Exercise requirements: Return exactly the span of lines in the following data that opens with the line containing "Voiture accidenté Volvo" and closes with the line containing "Image 2 of Pull and bear shorts // 36". Include nothing else.

(Study material begins)

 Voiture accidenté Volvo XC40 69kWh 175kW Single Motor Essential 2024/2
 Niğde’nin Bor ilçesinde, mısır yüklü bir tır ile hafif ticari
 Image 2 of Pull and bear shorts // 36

(Study material ends)
(Study material begins)

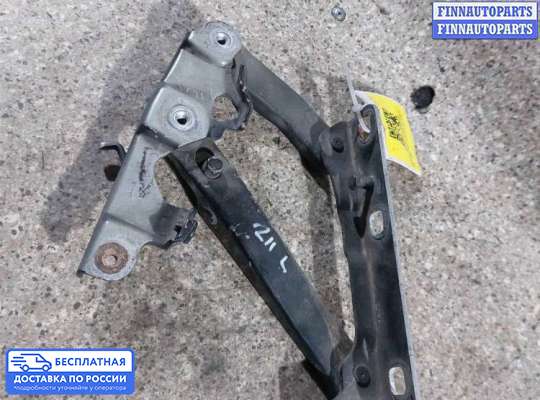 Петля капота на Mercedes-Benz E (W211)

(Study material ends)

Answer box:
 Voiture accidenté Volvo XC40 69kWh 175kW Single Motor Essential 2024/2
 Niğde’nin Bor ilçesinde, mısır yüklü bir tır ile hafif ticari
 Image 2 of Pull and bear shorts // 36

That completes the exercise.